Я с недоумением уставился на него.
Он вскинул брови.
— Соколиный Глаз, Зверобой, Последний из могикан… Боже мой, малец! Ты что, книжек не читал? Мистера Фенимора Купера. Неужели вы в школе не проходили? А я-то едва алфавит выучил, и все их запоем прочел! — Глаза у него заблестели. Он величественно взмахнул рукой с зажатой между пальцев сигаретой и произнес: — Никогда нельзя спокойно наслаждаться плодами грабежа.
Я был уверен, что он цитирует какую-то книгу, хотя на моей памяти люди цитировали только Священное Писание, и я ни разу не видел, чтобы кто-нибудь при этом размахивал сигаретой.
Старик склонился ко мне.
— Соколиный Глаз был охотником в колониальные времена — настоящей легендой с длинным ружьем через плечо. Мог застрелить оленя прямо в воздухе за сотню шагов, — продолжал он, размахивая сигаретой. — В те времена стаи странствующих голубей были такими большими, что закрывали собой все небо, заволакивали само солнце! По ним палили из мушкетонов забавы ради — а еще ради дурацких шляп с перьями — и в конце концов истребили совсем. Но наш славный герой был совсем не таков. Он ни разу не отнял жизнь у зверя без особой на то причины, а когда приходилось убивать оленей ради еды, он всегда благодарил их за то, что они своей жизнью спасли его. — Старик снова откинулся на ствол дерева. — Когда я работал на бойне, меня очень тронула эта история. И я стал подражать Соколиному Глазу.
И делаю так до сих пор. Все привыкли благодарить Господа перед едой. А я благодарю того, кого ем. За то, что отдал свою жизнь за мою. — Он выдержал паузу и рассеянно погладил изуродованную руку. — Недалек тот час, когда я верну должок, пускай и одним лишь червям. После смерти все мы — лишь мясо. Таков естественный порядок вещей. Какое мне дело, что станется с моей плотью, когда она перестанет быть нужной мне самому? — Он поднялся. — Впрочем, если меня за нее поблагодарят, ничего против иметь не буду.
С этими словами он сделал последнюю затяжку, потушил окурок ботинком и взобрался в кабину тягача, предоставив мне самому выполнить все оставшиеся дела — то ли его чересчур уж увлекли мысли о Соколином Глазе, то ли он просто проникся ко мне доверием. Я решил, что дело в первой причине, но приготовился на всякий случай доказать ему, что он во мне не ошибся. Я поставил ведра для воды рядом с резервуарами, надежно закрыл боковые дверки, сел на водительское сиденье, и мы поехали дальше. Старик все глядел в окно, на дорогу. Стоило мне нажать на газ, и он продолжил отвечать на вопрос — я уже и сам забыл, что задал его.

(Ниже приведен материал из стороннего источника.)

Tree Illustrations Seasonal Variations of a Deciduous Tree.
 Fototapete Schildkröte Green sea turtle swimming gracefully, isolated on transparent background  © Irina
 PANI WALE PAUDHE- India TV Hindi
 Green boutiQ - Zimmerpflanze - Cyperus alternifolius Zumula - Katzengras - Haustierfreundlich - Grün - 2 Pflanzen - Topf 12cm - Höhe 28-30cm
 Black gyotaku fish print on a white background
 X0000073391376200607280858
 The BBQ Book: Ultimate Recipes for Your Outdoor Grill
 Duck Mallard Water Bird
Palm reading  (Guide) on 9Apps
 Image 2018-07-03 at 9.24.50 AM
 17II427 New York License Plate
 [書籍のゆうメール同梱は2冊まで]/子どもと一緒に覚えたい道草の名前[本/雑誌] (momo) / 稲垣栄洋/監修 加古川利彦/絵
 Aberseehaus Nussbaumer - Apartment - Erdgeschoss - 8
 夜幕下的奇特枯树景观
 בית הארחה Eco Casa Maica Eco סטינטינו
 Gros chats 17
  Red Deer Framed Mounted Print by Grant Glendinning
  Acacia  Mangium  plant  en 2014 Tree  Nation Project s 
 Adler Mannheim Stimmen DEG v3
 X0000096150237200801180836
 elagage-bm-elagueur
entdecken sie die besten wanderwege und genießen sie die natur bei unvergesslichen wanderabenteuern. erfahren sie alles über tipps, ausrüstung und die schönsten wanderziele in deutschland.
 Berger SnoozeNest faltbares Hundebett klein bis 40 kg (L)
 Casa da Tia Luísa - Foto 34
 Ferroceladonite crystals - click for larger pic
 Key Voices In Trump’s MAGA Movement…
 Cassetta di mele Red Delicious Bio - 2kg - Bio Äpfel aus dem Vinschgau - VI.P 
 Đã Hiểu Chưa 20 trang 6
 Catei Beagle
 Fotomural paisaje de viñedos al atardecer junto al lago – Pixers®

— Жизнь надо уважать, и не важно, чья она, — проговорил он. — Если ты этого не понимаешь, то ты просто мешок с костями и ничего больше. — Он кивнул на дорогу. — Смотри-ка, закат на подходе.
На дорогу я выехал в смятении. Никак не ожидал, что путешествие мое примет такой оборот. Старик оказался совсем не похож ни на папу, ни на Каза — вообще ни на кого из мужчин, с которыми я был знаком, хотя с первого взгляда ни за что и не скажешь. Снаружи он казался суровым и собранным, как, наверное, и подобает путешественнику, но внутри у него таились бесчисленные тайны. Пускай тогда я еще даже и представить не мог, какие сюрпризы ждут нас впереди. Меня так поразили слова Старика, что только через милю я опомнился и поглядел в зеркало — не едет ли следом Рыжик?
Увы, дорога была пуста.
Мы продолжили путь в блаженной тишине. Но когда впереди показался железнодорожный переезд, я опять почувствовал, что Старик напрягся. Когда мы подъехали, взвыла сирена и опустился шлагбаум. Приближался поезд. Причем не пассажирский и не грузовой вроде тех, к которым я прицеплялся. А цирковой, разукрашенный в ярко-красный и желтый — те же цвета, что и фургон, который мы видели утром. Длиной он был вагонов в двенадцать, не больше, но мне показался прямо-таки бесконечным. Переезд стоял посреди поля, где росло всего несколько маленьких деревьев, поэтому мне были хорошо видны надписи на вагончиках. Мы стояли так близко к железной дороге, что, казалось, вот-вот встретимся взглядами и с циркачами, и с их четвероногими подопечными.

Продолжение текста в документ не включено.